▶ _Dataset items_

▼

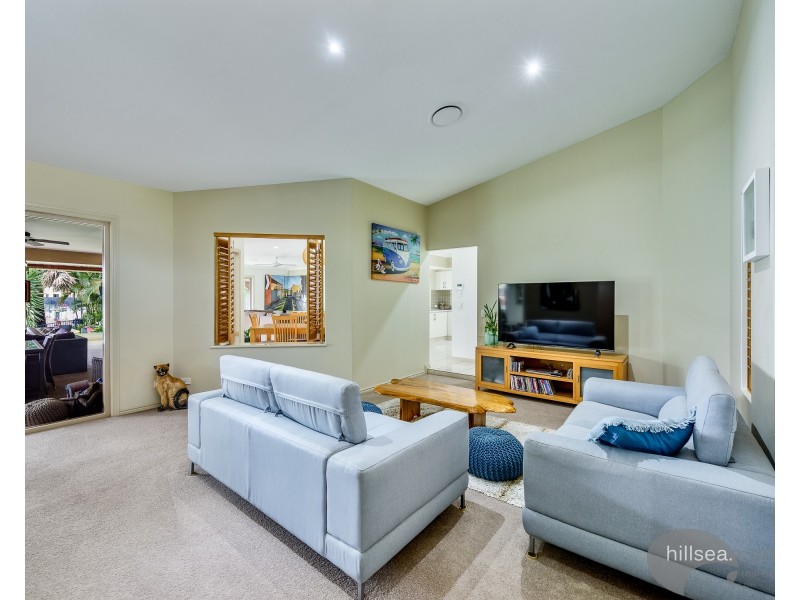 28 John Dalley Drive, Helensvale QLD 4212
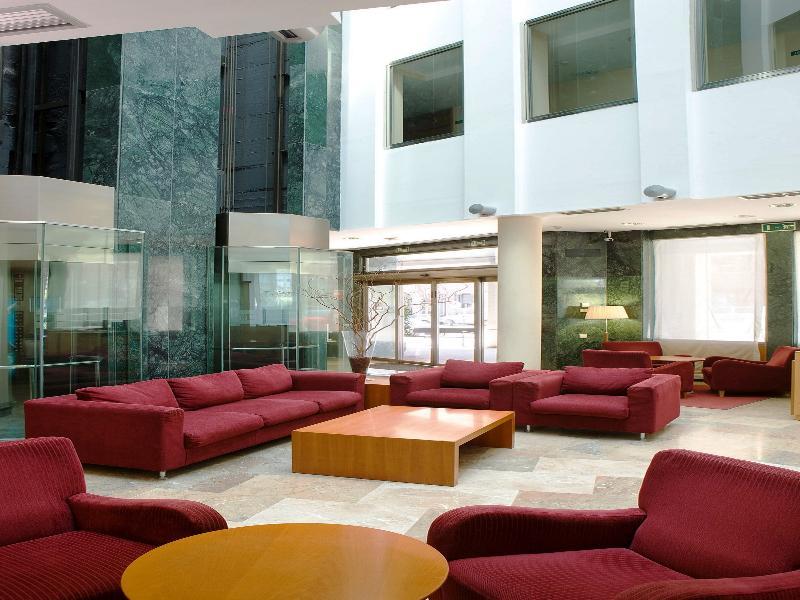 Holiday Inn Express Logrono Rioja By Ihg Экстерьер фото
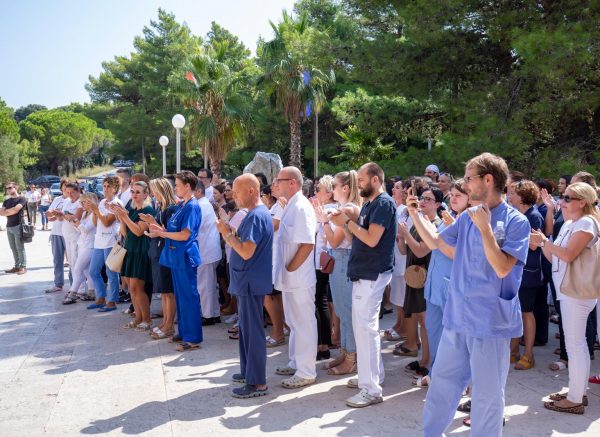 Dubrovnik: Mirni prosvjed djelatnika u zdravstvu “5 do 12” ispred Opće bolnice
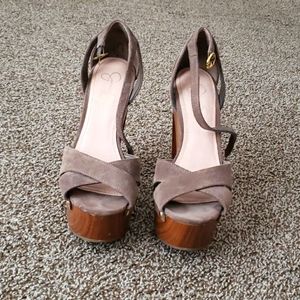 Jessica Simpson heels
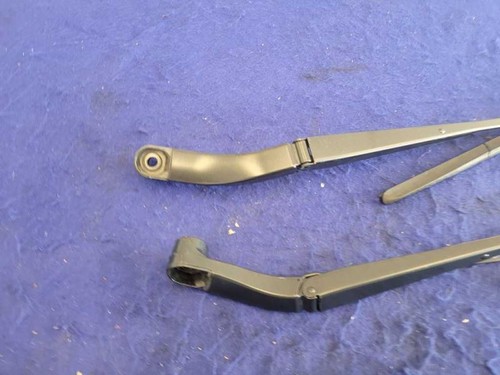 2016-2021 Chevrolet Camaro SS 6.2L LT1 Windshield Wiper Arms Blades 2434 - Picture 3 of 12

▲

▶ _What is required_
Your task is to restate word for word the lines from the one containing "Dubrovnik: Mirni prosvjed" through the last line of the data, both ends included, with no pictures.

▶ _Solution for this task_
 Dubrovnik: Mirni prosvjed djelatnika u zdravstvu “5 do 12” ispred Opće bolnice
 Jessica Simpson heels
 2016-2021 Chevrolet Camaro SS 6.2L LT1 Windshield Wiper Arms Blades 2434 - Picture 3 of 12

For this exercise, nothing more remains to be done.